I will focus on the second approach (and save the first approach for a future blog post). When working on relational e-matching, we found an optimization to the backtracking-style classical e-matching. Like relational e-matching, it is able to improve e-matching asymptotically in some cases, but it does not require transforming the input to a relational database. And it is very simple. For what it’s worth, this optimization (instead of relational e-matching) is what is currently implemented in egg.

In this blog post, I will describe this optimization. But before that, let’s have some brief background on e-matching. Feel free to skip you already know what e-matching is.

There have been many great introductions to e-graphs and e-matching. For example, Philip Zucker gives a gentle introduction to e-graphs and e-matching in Julia. Max Willsey also wrote a very nice tutorial on e-graphs and egg. Basically, an e-graph is a data structure that compactly represents an equivalence relation and e-matching is pattern matching on such e-graphs modulo equivalence. Both e-matching and e-graphs are widely used in SMT solvers and equality saturation-based program optimizers. A typical equality saturation-based program optimizer may take the majority of its time doing e-matching.

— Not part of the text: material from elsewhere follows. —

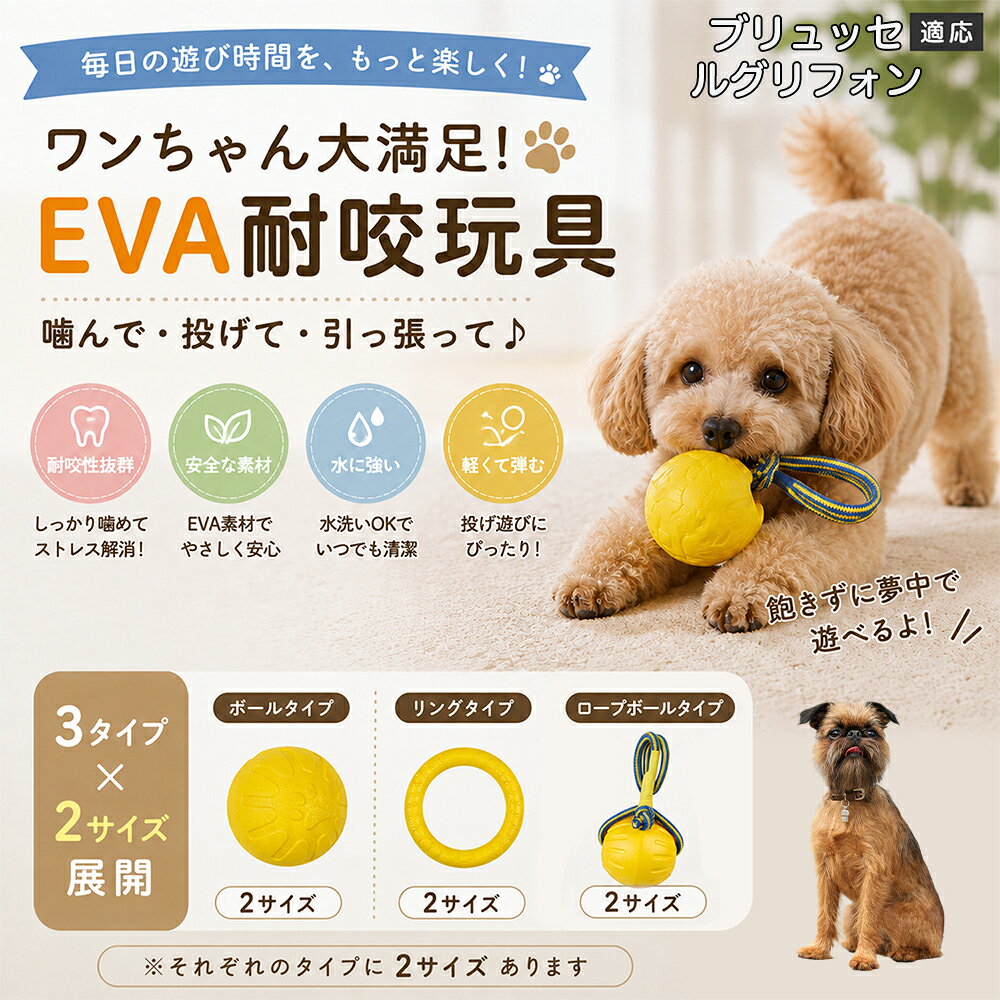 愛犬の「噛みたい！」を満たすEVA素材のおもちゃです。軽くて丈夫なので毎日の遊びにぴったり。ボール・リング・ロープボールの3種類から選べ、投げ遊びや噛む遊びなど様々な楽しみ方ができます。 商品詳細 商品名 犬用 EVAおもちゃ ボール リング ロープボール 耐久性 玩具 デンタルケア 丸洗いOK 適応対象 ブリュッセルグリフォン 商品説明 軽くて丈夫なEVA素材を採用した犬用おもちゃです。ボールタイプ・リングタイプ・ロープボールタイプの3種類から選べ、遊び方や好みに合わせて選択可能。噛む・転がす・投げるなど様々な遊び方ができ、毎日の運動不足対策やストレス発散をサポートします。凹凸のある表面デザインで遊びながら口内ケアにも役立ち、汚れた場合は水洗いできていつでも清潔に使用できます。 用途 噛むおもちゃ／デンタル玩具／ストレス解消／運動不足対策／投げ遊び／室内遊び バリエーション ボールタイプ／リングタイプ／ロープボールタイプ 仕様 EVA素材／軽量設計／耐久構造／丸洗い可能／凹凸デザイン お手入れ 水洗い可能。汚れが付着した場合は水で洗い、乾燥させてからご使用ください。 注意事項 本商品は消耗品です。使用状況や噛む強さによって劣化する場合があります。破損が見られた場合は使用を中止してください。 生産国 CHINA 梱包や発送 環境保護の観点より簡易梱包にて発送いたします。 関連キーワード 犬 おもちゃ 噛むおもちゃ EVA ボール ロープボール デンタルケア 丸洗い 犬用玩具 ストレス解消 運動不足対策 小型犬 中型犬 大型犬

There are several algorithms proposed for e-matching. For example, the one currently used in egg is based on the virtual machine proposed by de Moura and Bjørner. The traditional backtracking-based e-matching algorithm does not exploit equality constraints during pattern compilation. Equality constraints are the term we used in the relational e-matching paper to describe the kind of constraints that all occurrences of the same variables should be mapped to equivalent terms. Those that violate the equality constraints will not be pruned away immediately. For example, \(f(\alpha, g(\alpha))\) does not match \(f(1,g(2))\), because the first \(\alpha\) is mapped to 1 but the second is mapped to 2. The classical backtracking-based e-matching will still consider it though.

The relational e-matching approach instead treats an e-matching pattern as a kind of relational query. From a relational query, the query optimizer can easily identify all kinds of constraints, including equality constraints, and find an efficient query plan. As an example, the above pattern can be compiled to query \(Q(r, \alpha)\gets R_f(r, \alpha,x),R_g(x,\alpha)\), and a hash join could answer this query in linear time.

The issue with the traditional backtracking-style e-matching is that it does not take advantage of the equality constraints, so it enumerates obviously unsatisfying terms. The optimization is therefore straightforward: do not enumerate terms that are obviously unsatisfying. And this is easy, because we already know what the (only) satisfying term should look like!

Let’s first look at the classical e-matching algorithm (Fig. 3 of the relational e-matching paper, with a typo fix).

\[\begin{align*} \textit{match}(x,c,S) = & \{ \sigma \cup \{ x \mapsto c\} \mid \sigma \in S, x \not \in \text{dom}(\sigma)\}\ \cup\\ & \{ \sigma \mid \sigma \in S, \sigma(x) = c \}\\ \textit{match}(f(p_{1}, \dots, p_{k}), c, S) = & \bigcup_{f(c_{1},\dots,c_{k})\in c} \textit{match}(p_{k}, c_{k}, \dots, \textit{match}(p_{1}, c_{1}, S)) \end{align*}\]

It takes a pattern \(p\), an e-class \(c\), and current substitutions \(S\), and returns the set of substitutions produced by e-matching \(p\) over e-class \(c\), such that all produced substitutions are extensions of some substitutions in \(S\). The result of e-matching a pattern \(p\) over an e-graph is \(\bigcup_{c\in C} \textit{match}(p, c, \{\emptyset\})\) (both our paper and the paper our definition is based on have another typo here), where \(C\) is the set of e-classes in the e-graph.

The algorithm is straightforward:

- If the pattern is a variable, and
- if this variable is fresh in the domain of the substitution, then it’s safe to extend the substitutions with \(\{x\mapsto c\}\), or
- if this variable is not fresh, we keep only these substitutions that are consistent with the mapping \(\{x\mapsto c\}\).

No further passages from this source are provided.